Got it. Okay. And then last one for me. Can you just remind me, I know at one point, you had a little bit longer-term guidance out there and haven't said anything more recently obviously, a lot is changing day-to-day in the auto industry, but do you have this year sort of -- could you remind us sort of the targets or how you're thinking about the next year or two?

Phillip Eyler

Analyst

Yes. We are obviously -- one thing we announced last quarter was given the dynamic situation in the market, we made a decision to stop giving quarterly updates on our 2021 and beyond estimates with the caveat that we plan on early next year giving some general direction on our future performance, let's call that beyond 2021. So we'll come back in line with that. Obviously, market conditions since June of 2018 have been dramatically pressured downward. So that's an area we'll have to look closely at. I will say that we're ahead of schedule on our margin expansion activities. So when you look at the profitability direction that we have given all along, we still feel very strong that we are in good shape there.

Operator

Operator

[Operator Instructions]. Your next question comes from Scott Stember from CL King.

Scott Stember

Analyst

Most of my questions have been answered as well, but a couple of items. I appreciate obviously, last year was a better year for new awards, and it sounds like there are some delays, but could you just maybe talk about the level of quotation activity or bidding that you're giving, just to I guess, assure people that there's a lot of stuff in the pipeline that could come through next year that was delayed this year?

Phillip Eyler

Analyst

Yes. No, there is I think a very nice pipeline of opportunities that we're tracking over the next 18 months. As I said, I think, Q4 is going to be solid. I think we've got a good track on some pretty exciting opportunities there, and that will flow into the next year. And we're seeing more and more RFQs come in for ETM-type product, whether that's battery heating or cell connecting devices. Those 2 product lines, we see a nice flow. And then still, CCS continues -- we continue to see more RFQs for new vehicles and customers related to CCS and our other core products. On top of that, obviously, we've got a nice innovation pipeline that we continue to grow. And I believe, we are well positioned to grow through these innovations within our focused growth strategy.

Scott Stember

Analyst

Got it. And last one for me going to BTM, maybe you touched on that. I guess, early this year, you have given some targets of exit run rates for this year and potentially I think for 2020 as well. Can you maybe just touch on those, particularly now that you have this new, I guess, this fourth leg to the stool that will be helping you out?

Phillip Eyler

Analyst

Yes. I mean most of those new products that we're adding on are going to obviously launch in outer years. Our first, let's call it, new product line will launch in 2020, and that's the cell heating device. So most of the exit rate that we talked about was related to BTM, and most of that is related to the Daimler and FCA. Unfortunately in Q4, we've seen declines in orders from FCA and then we are seeing an adjustment order from Daimler in Q4, which we expect to come back in Q1. For you, the run rate based on those declines, we're probably close to $30 million run rate as opposed to the $50 million, but we expect that to pick up in 2020.

Operator

Operator

We have reached the end of the question-and-answer session. And I will now hand over to Mr. Phil Eyler for closing remarks.

Phillip Eyler

Analyst

Okay. Thanks, everyone, for joining our call today. As I've consistently shared in the past, we remain very focused on execution, innovation and cost improvement. I'm extremely proud of our team's ability to take swift operating action in light of the current challenges in the macroeconomic environment and with global automotive production levels.

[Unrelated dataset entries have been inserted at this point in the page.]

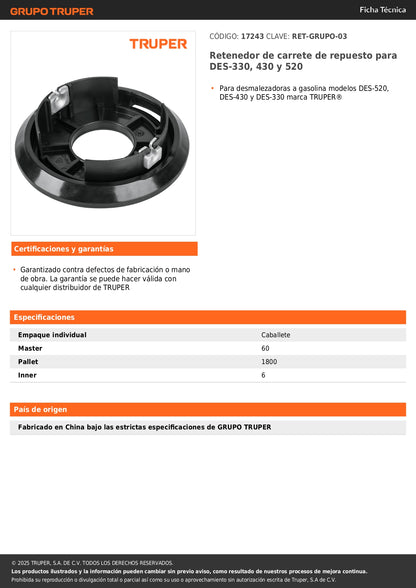 Retenedor de carrete de repuesto para DES-330, 430 y 520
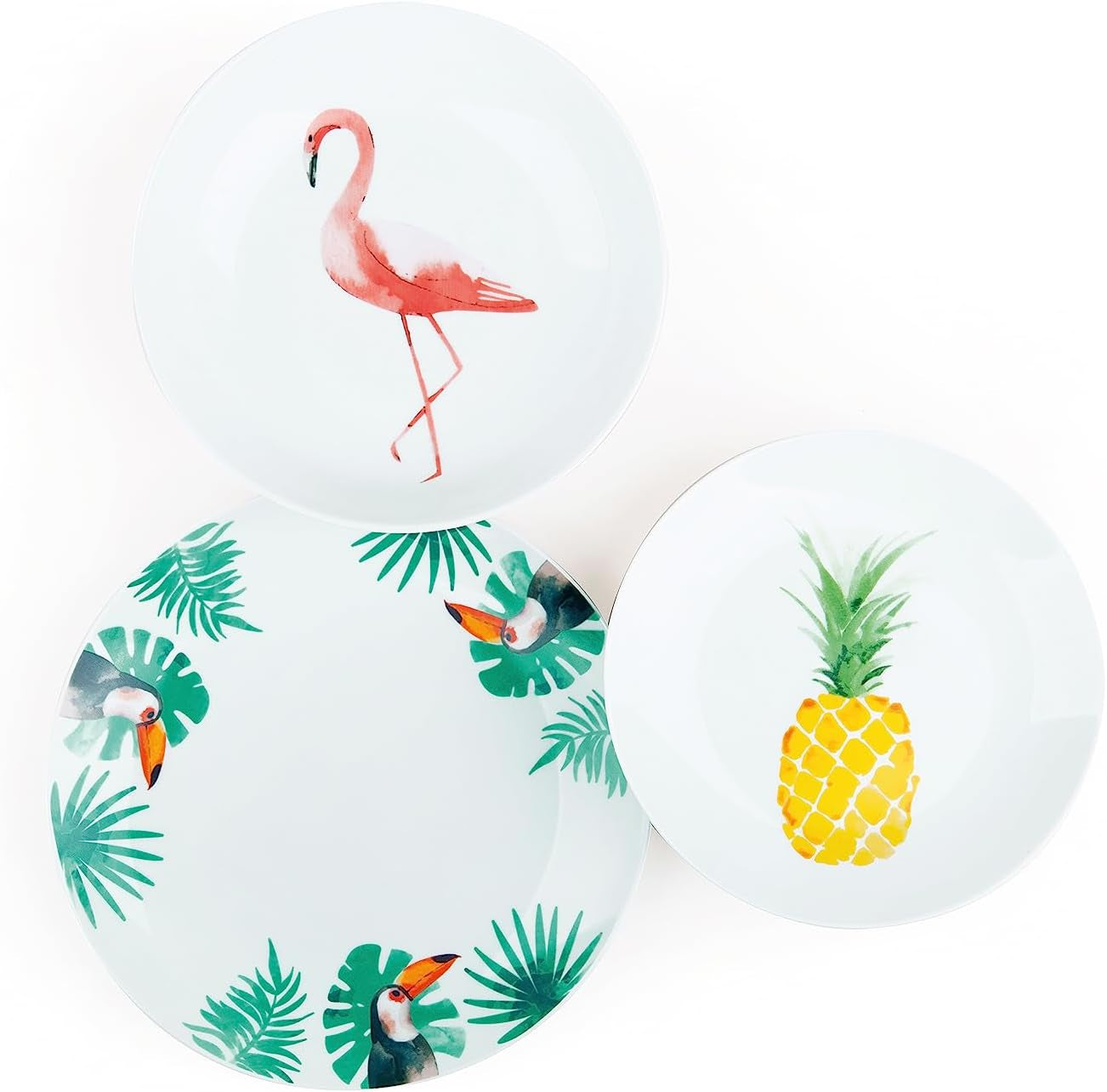 Excelsa Vajilla Tropical 18 piezas porcelana blanco con decoración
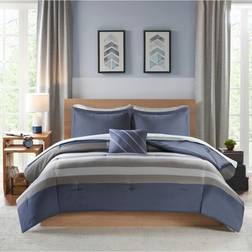 Intelligent Design James Bed Linen Blue, Gray (259.1x228.6)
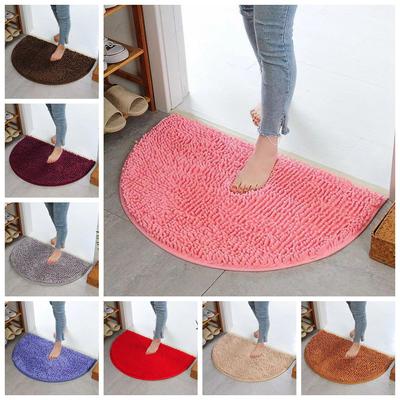 Semicircular Mat Non Slip Water Absorbent Chenille Bath Mat Floor Carpet Shower Rug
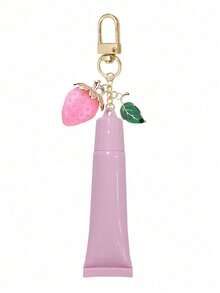 Colgante de bolsa de embalaje de lápiz labial portátil, botella de lápiz labial, colgante de bolsa de fresa y hoja verde, colgante de embalaje de tubo suave, accesorio de llavero de brillo labial y lápiz labial, accesorio de viaje, caja de almacenamiento de viaje, accesorio multifuncional, elegante y minimalista, esencial diario (tubo de brillo labial vacío, rellenable) - Multicolor - Ver 11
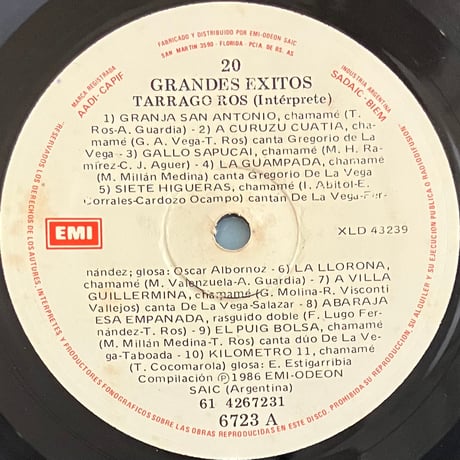 Tarrago Ros - 20 Grandes Exitos [LP][EMI] (USED)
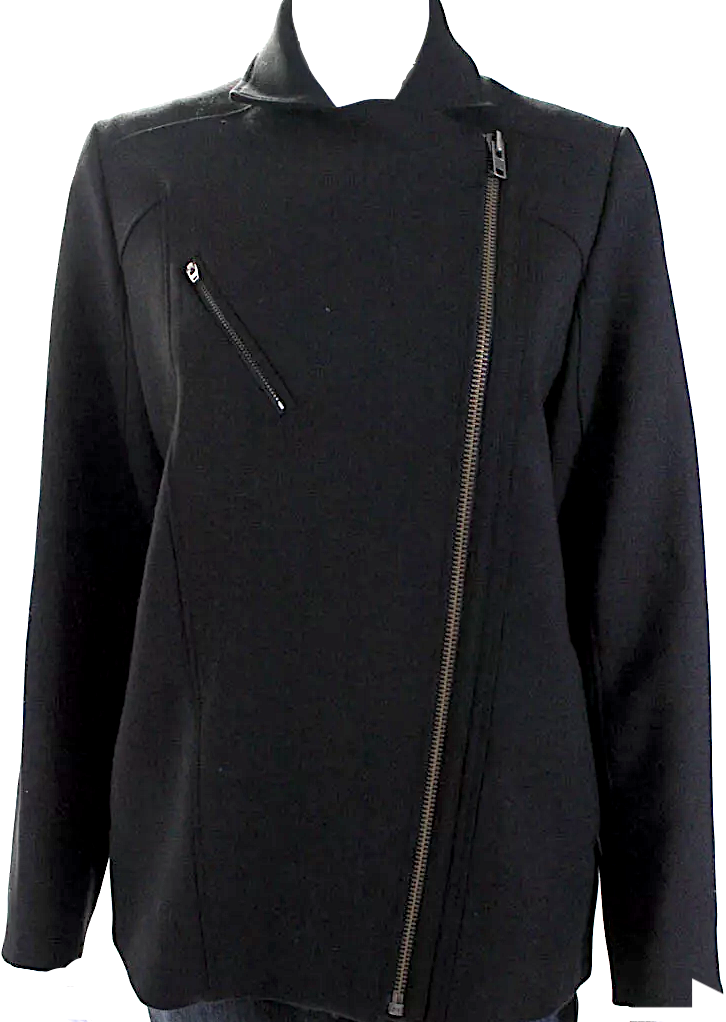 Helmut Lang NY. Black Polymaide Blend Notched Lapel Asymmetrical Zip Motorcycle Jacket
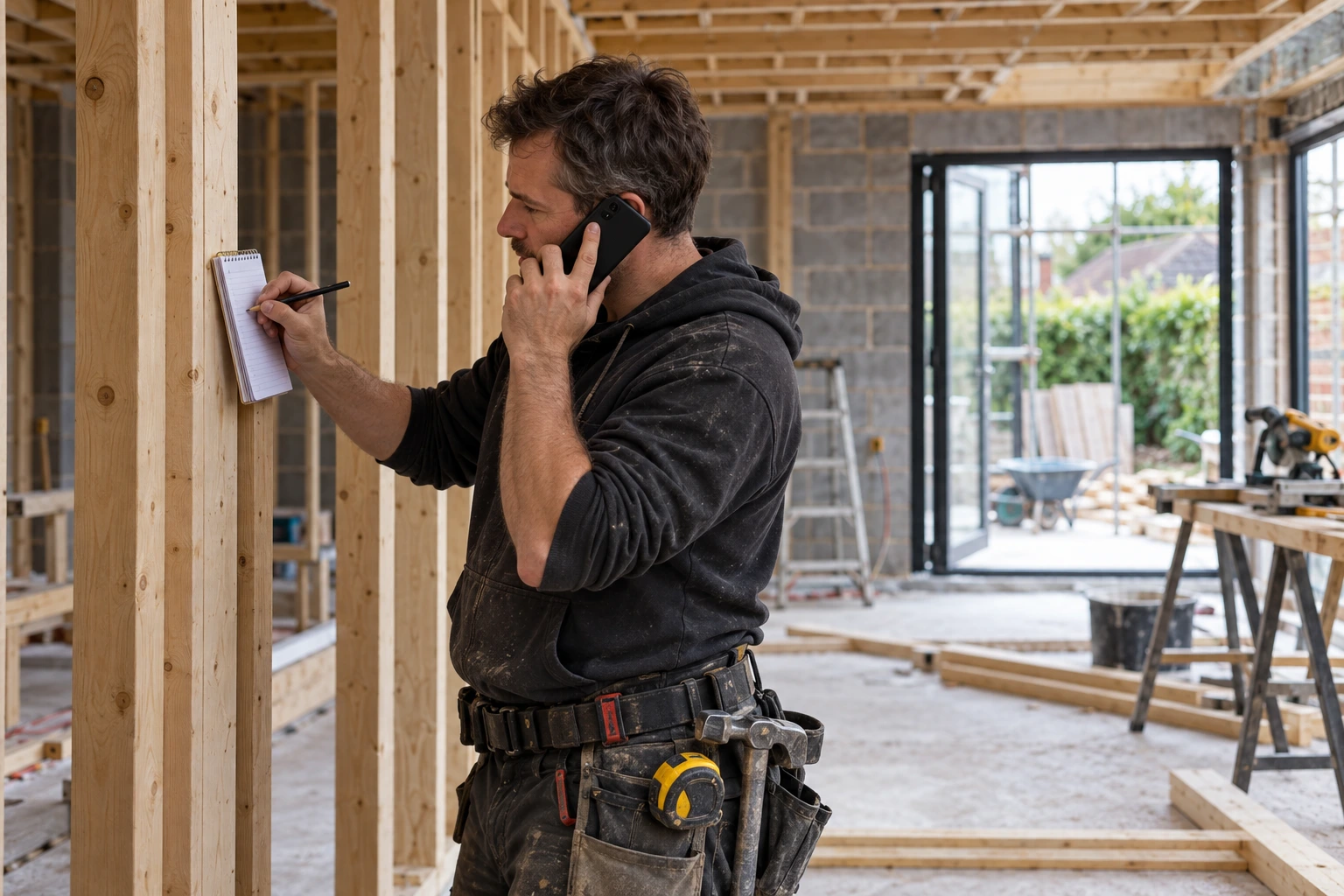 Builder testing a call in a half-finished extension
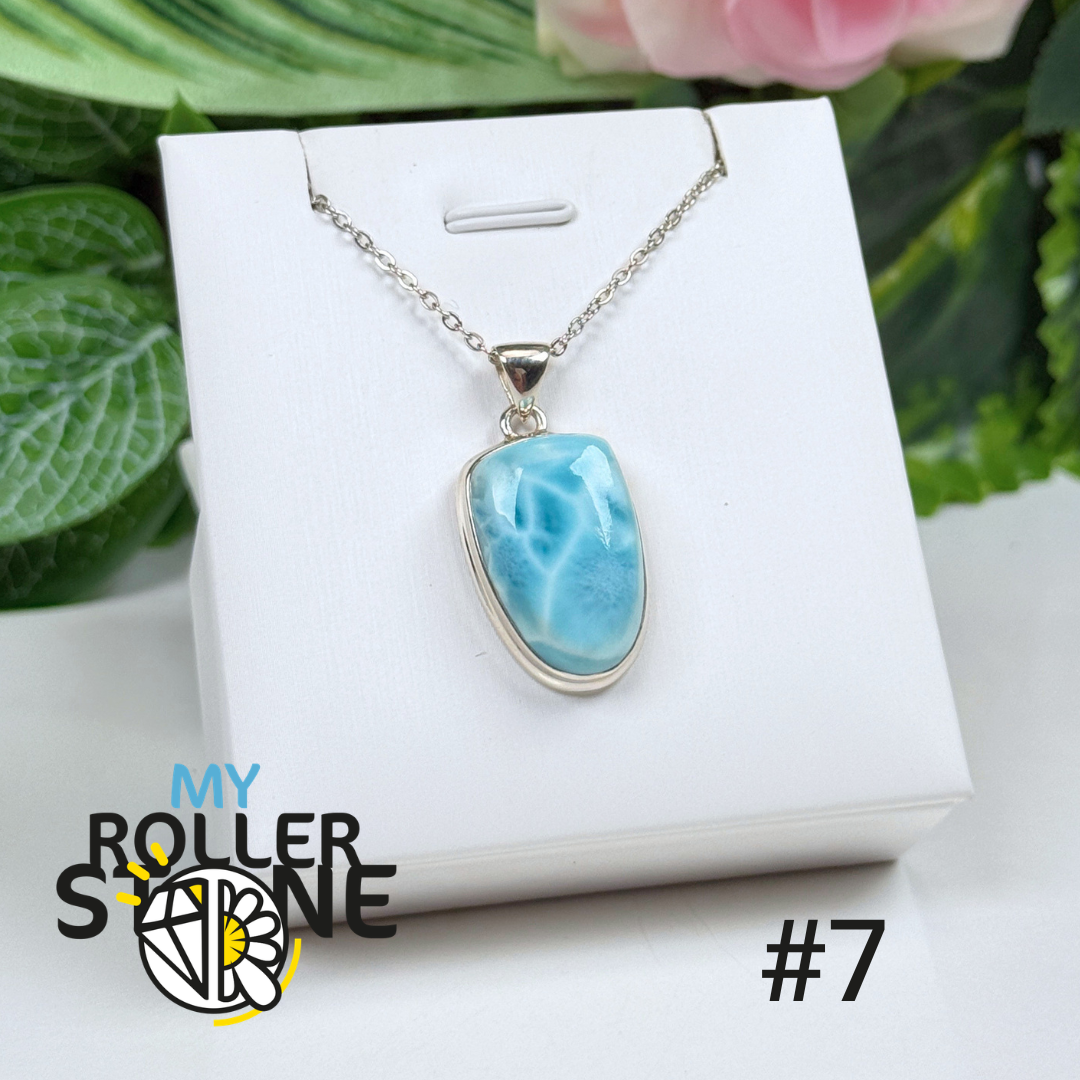Pendentif argent larimar #RIP7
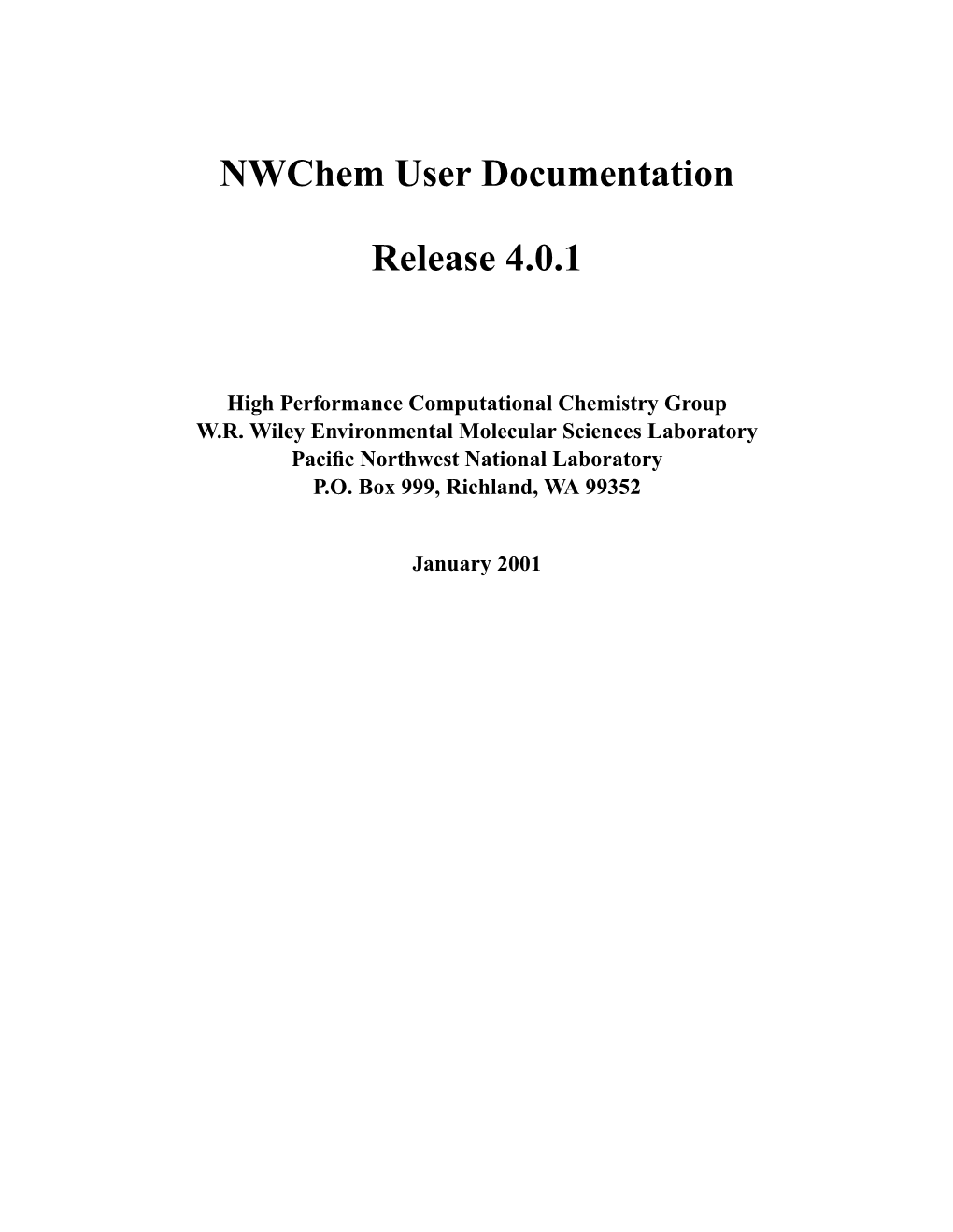 Nwchem User Documentation Release 4.0.1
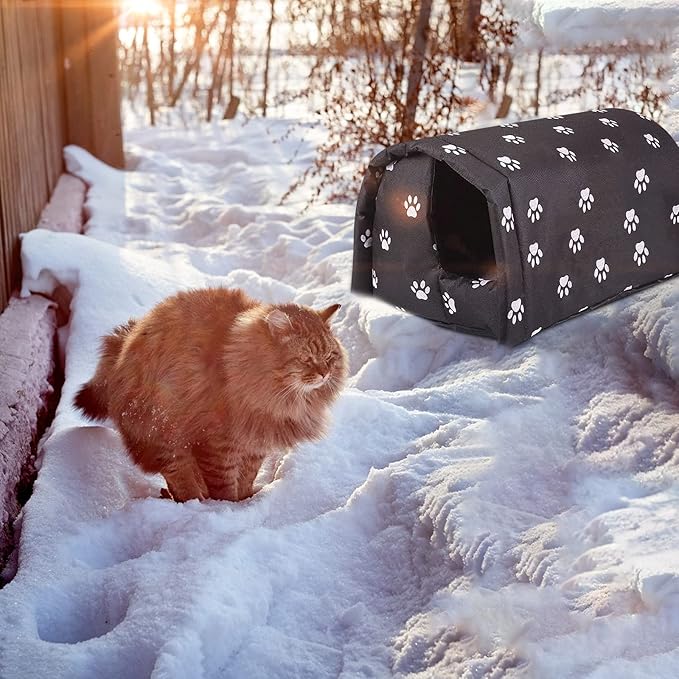 Outdoor Feral Cat House Winter, Weatherproof Waterproof Rainproof Foldable Cotton Filled Thicken Stray Feral Cats Dogs Tent Shelter Home Keep Warm Outdoor Indoor Garden (Large - 3 Cats)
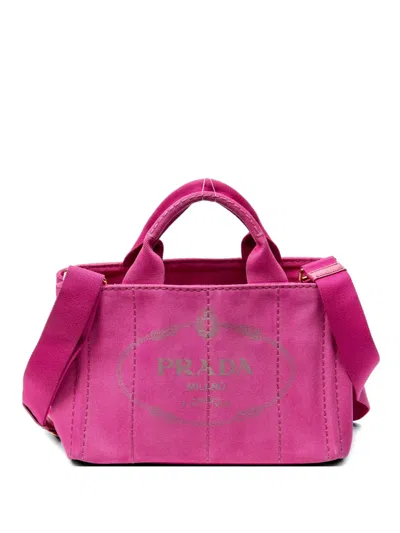 Pre-owned Prada Logo-print Tote Bag In Pink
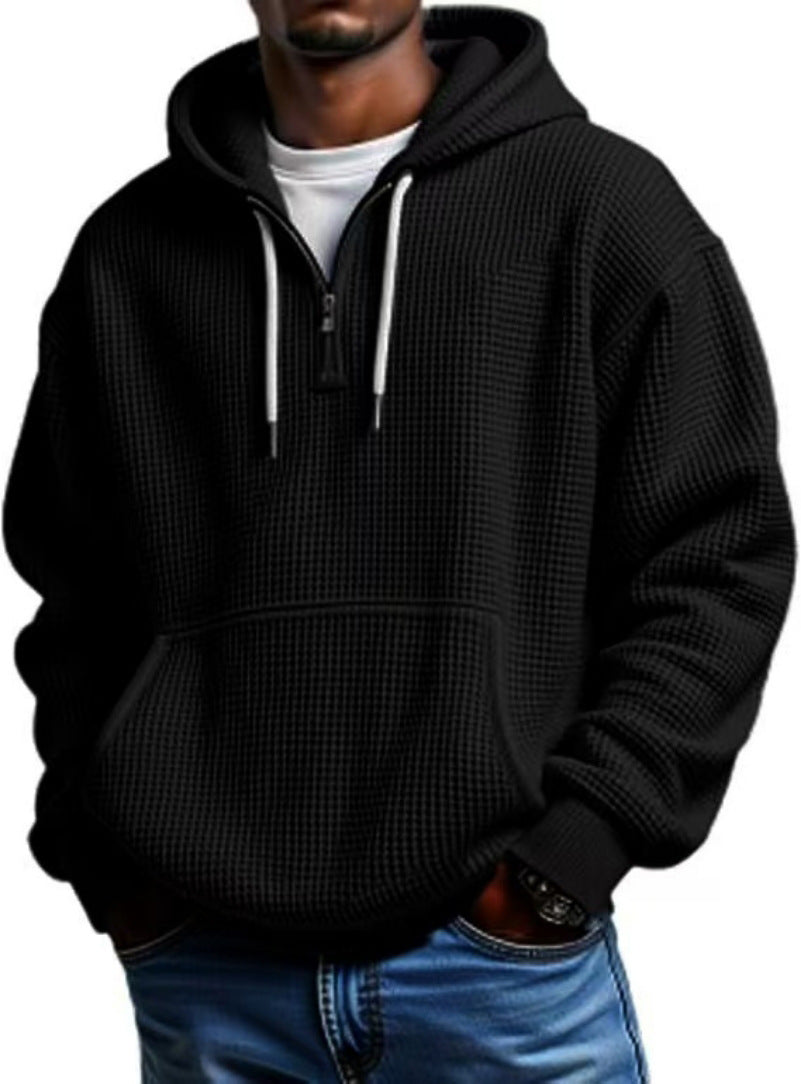 Half-front sweatshirt, solid color hoodie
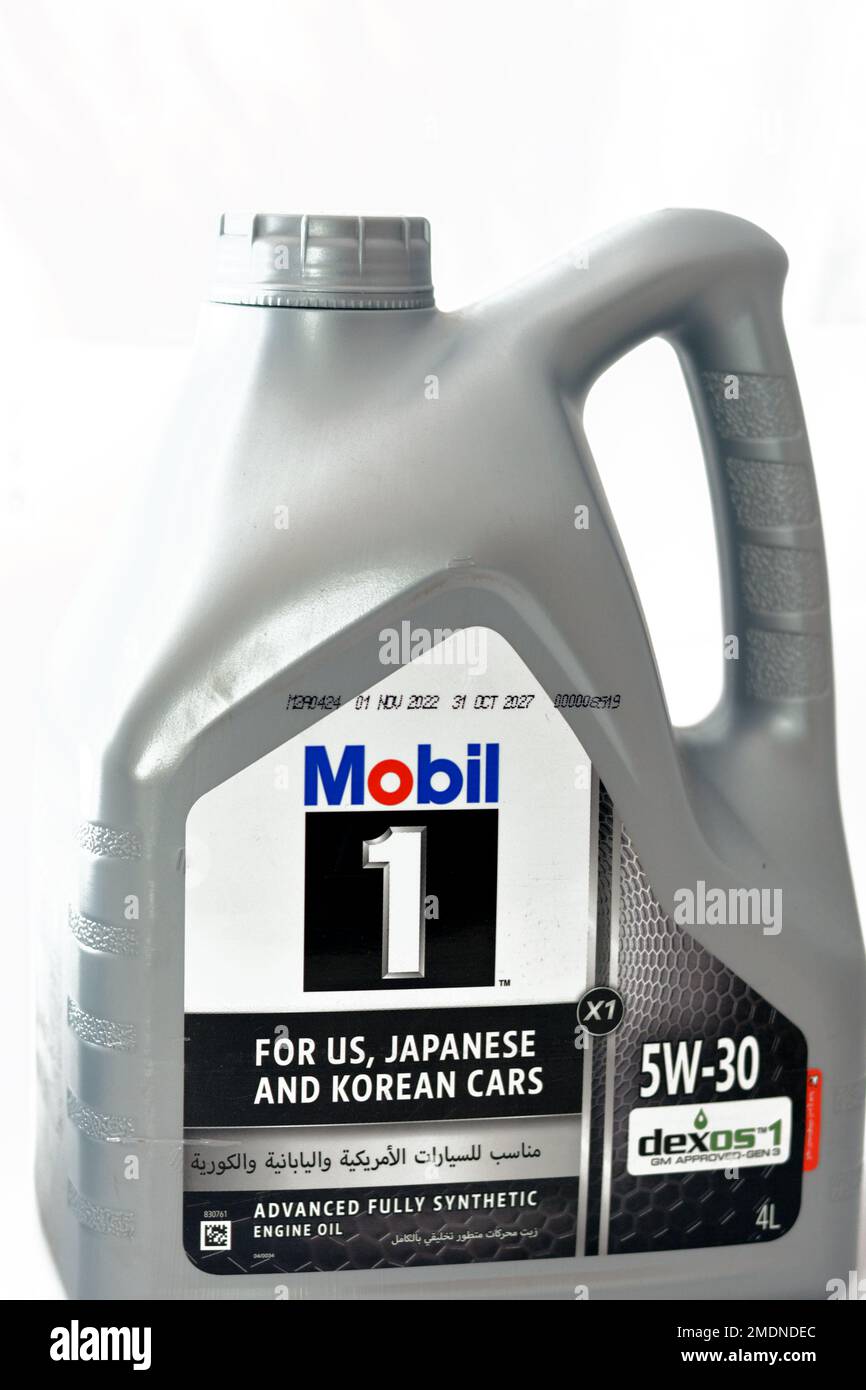 Cairo, Egypt, January 23 2023 Mobil one 1 5W30 Dexos 1 GM approved, Advanced fully synthetic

I continue to be confident that our efforts will allow us to deliver significant shareholder value in the future. Our innovation pipeline continues to grow, and we're well positioned to grow through our focused growth strategy. We appreciate your interest and support and look forward to keeping you apprised of our progress.

Operator

Operator

This concludes today's conference, and you may now disconnect your lines at this time. Thank you for your participation.